Copy out the data word for word. The images are not part of the copy.

[Caption-style text data]
+-------+

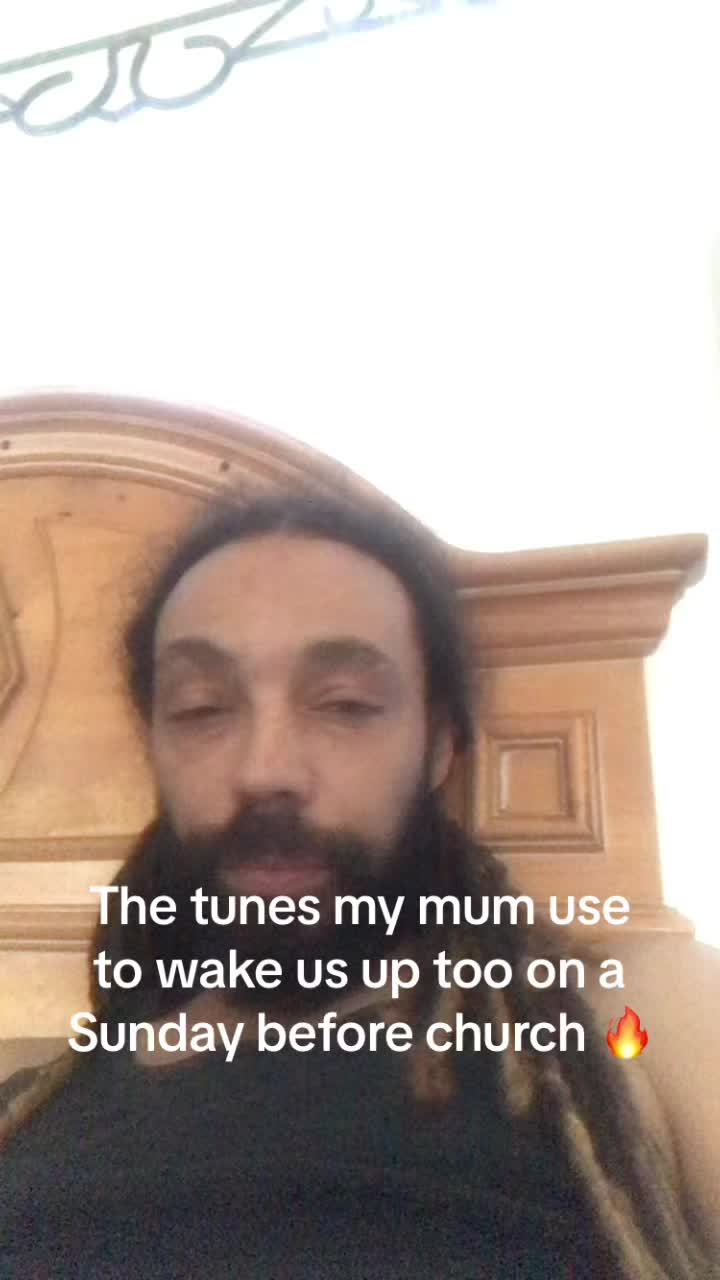 @Dblock influencer
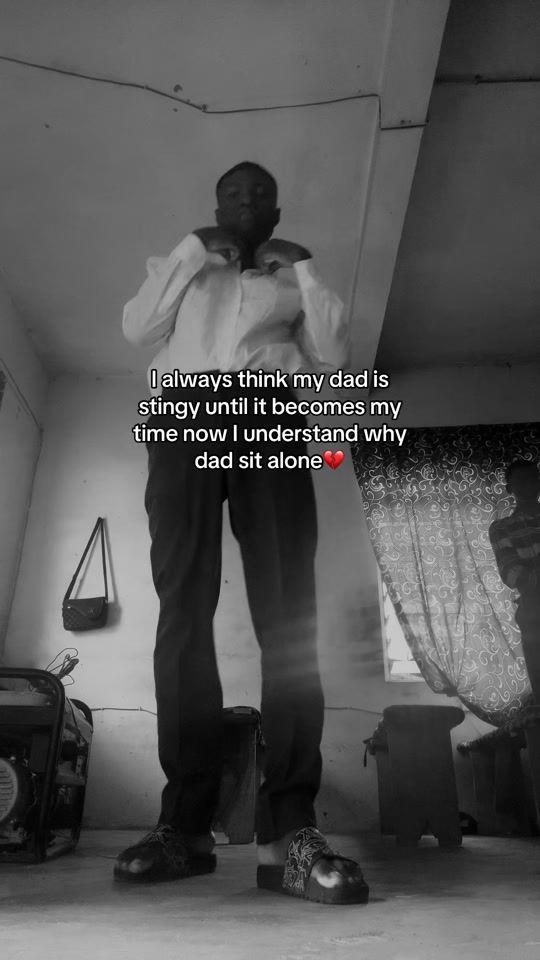 TikTok video thumbnail by fallensoul.icon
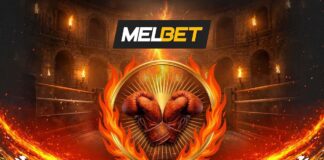 Oleksandr Usyk vs. Rico Verhoeven - MelBet baxış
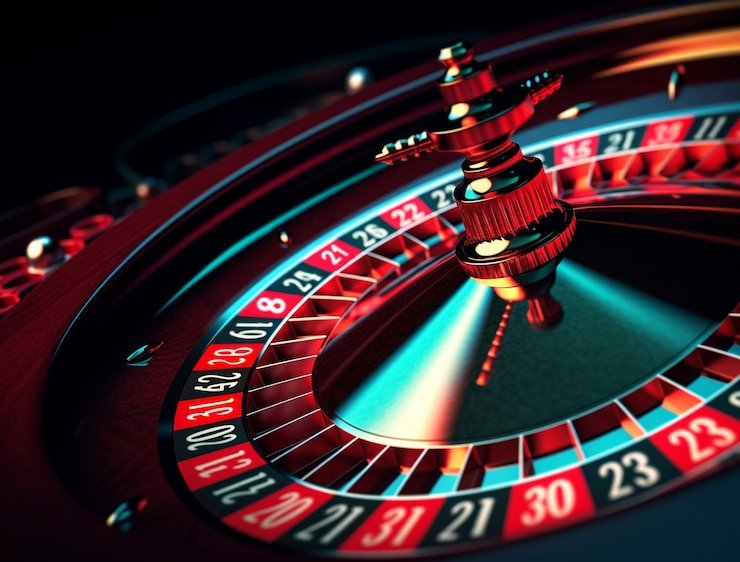 Account dashboard showing live dealer session history and wallet balance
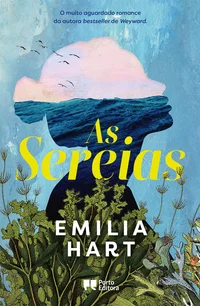 As Sereias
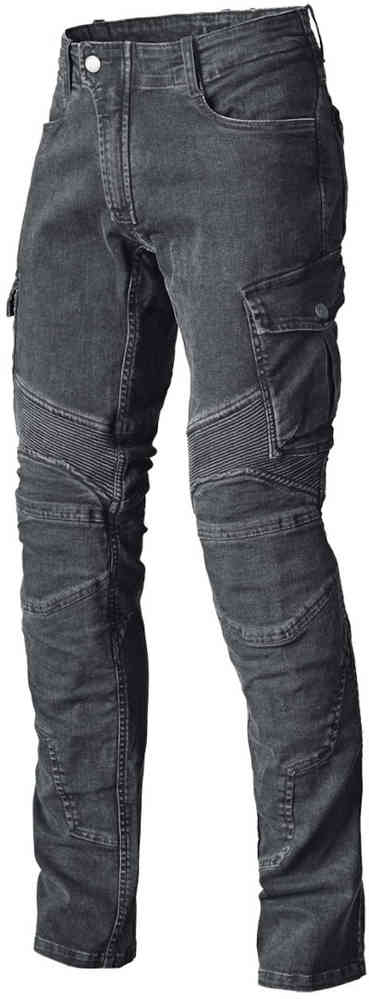 Held Dawson Motorcycle Textile Pants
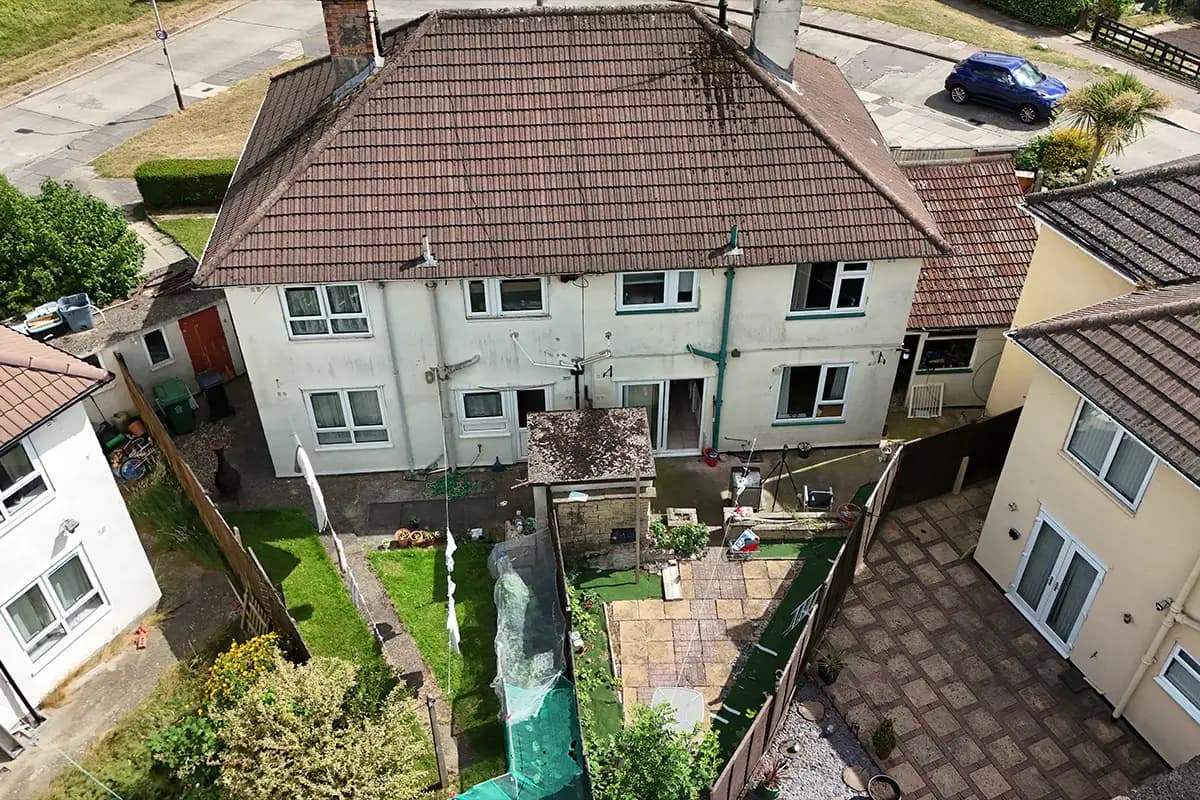 property photo 36 of 38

+-------+

WRITTEN RESPONSE
 @Dblock influencer
 TikTok video thumbnail by fallensoul.icon
 Oleksandr Usyk vs. Rico Verhoeven - MelBet baxış
 Account dashboard showing live dealer session history and wallet balance
 As Sereias
 Held Dawson Motorcycle Textile Pants
 property photo 36 of 38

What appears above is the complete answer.